Rumitnya birorasi dan tetek bengek persyaratan membuat pencairan dana hibah, dan anggaran-anggaran lain selalu molor. Akibatnya, pekerjaan juga molor, laporan pertanggungjawaban juga molor. Hasilnya, kabupaten selalu mendapat rapor merah dari pusat.
Padahal, keruwetan dan kejumudan pekerjaan yang seolah menjadi ‘tradisi’ tahunan itu bisa diperbaiki. Kejumudan itu bisa didobrak. Keruwetan itu bisa diurai.
‘’Ya itu tadi, harus dicambuk untuk berlari kencang,’’ jelas bupati mengenai upaya perubahan yang sudah dilakukan.

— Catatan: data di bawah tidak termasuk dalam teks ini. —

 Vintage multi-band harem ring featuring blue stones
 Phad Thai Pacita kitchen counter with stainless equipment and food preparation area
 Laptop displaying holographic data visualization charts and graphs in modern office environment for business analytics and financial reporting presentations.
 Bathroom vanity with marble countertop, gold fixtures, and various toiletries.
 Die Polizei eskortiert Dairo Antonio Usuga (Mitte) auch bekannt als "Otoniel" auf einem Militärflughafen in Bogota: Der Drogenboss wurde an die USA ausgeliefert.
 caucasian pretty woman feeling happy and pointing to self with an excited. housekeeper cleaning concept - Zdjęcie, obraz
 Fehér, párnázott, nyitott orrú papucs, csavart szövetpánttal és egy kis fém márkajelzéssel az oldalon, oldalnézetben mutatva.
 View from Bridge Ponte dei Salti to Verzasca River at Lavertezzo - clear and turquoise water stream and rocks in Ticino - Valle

Bupati yang juga pengusaha itu lantas, meminta bahkan memaksa stafnya untuk bekerja keras. Memaksa agar dana hibah bisa cair Januari setiap tahun. Atau paling maksimal Februari. Meski untuk bisa mencairkan, stafnya harus kerja keras dan lembur sekalipun.

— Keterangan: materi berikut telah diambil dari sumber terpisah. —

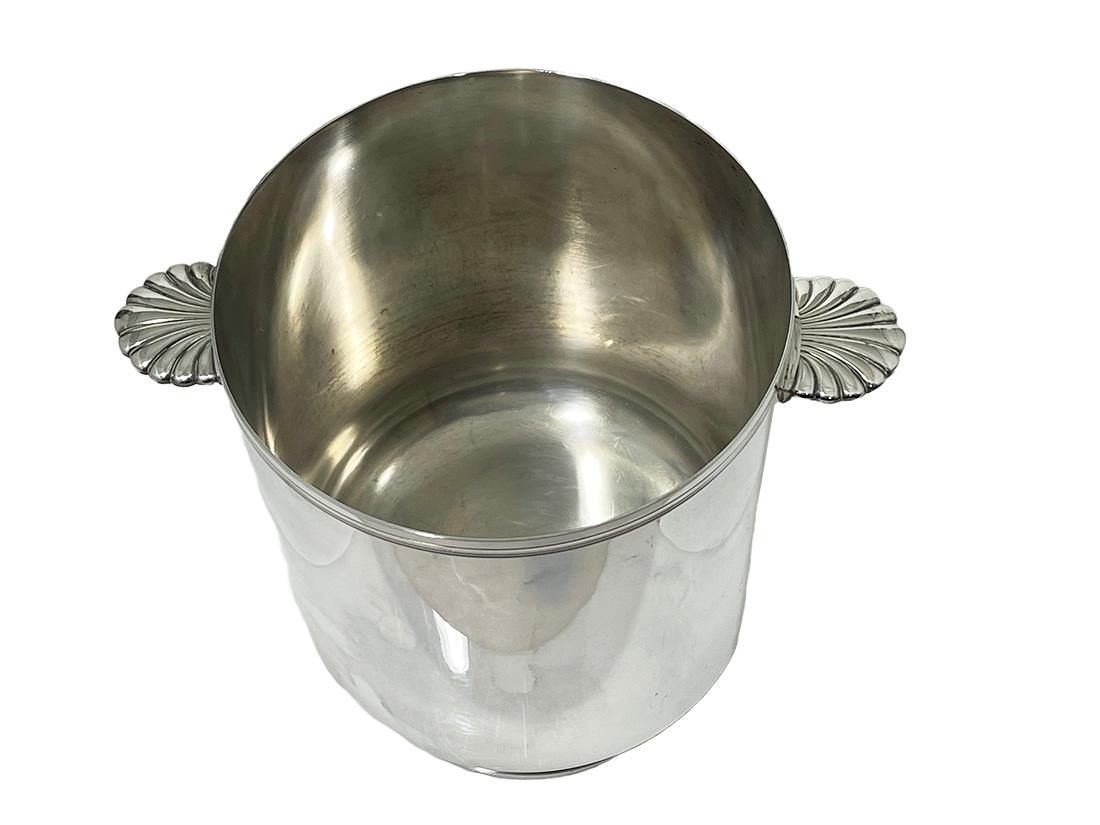 Ice or champagne bucket by Christofle silver plated, France, Mid-20th Century

A stunning champagne bucket in silver plate, a heavy quality piece by the famous French Orfevrerie Christofle of Paris.
This design has simple lines and footed base and
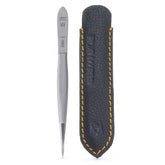 GERMANIKURE pointed tweezers in leather case for precise grooming and on-the-go use.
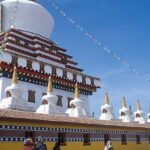 A mesmerising view of a monastery in Himachal Pradesh with white architecture for all.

‘’Buktinya bisa setelah saya agak keras. Artinya tidak ada yang tidak mungkin. Kalau ingin meraih sesuatu harus mengorbankan sesuatu,’’ ungkapnya.
Sebagai seorang ‘manajer’ bupati memang harus tegas dalam mengendalikan anak buahnya. Sehingga, target-target yang ingin dicapai terukur dan bisa direalisikan dengan mudah.
Target pembangunan misalnya, tinggal bagaimana mengelola program. Ibaratnya, mau apa saja semua sudah ‘cemawis’ tinggal melaksanakan. Dana sudah ada, sumber daya sudah ada, kebijakan sangat mendukung. Jadi, tinggal menjalankan saja.
Jika sumber daya atau bawahan bupati hanya bekerja alakadarnya. Tidak punya jiwa mengabdi dan pekerja keras, ya sama juga bohong. Kalau aparatur sipil Negara (ASN) dan pejabatnya biasa-biasa saja dalam bekerja.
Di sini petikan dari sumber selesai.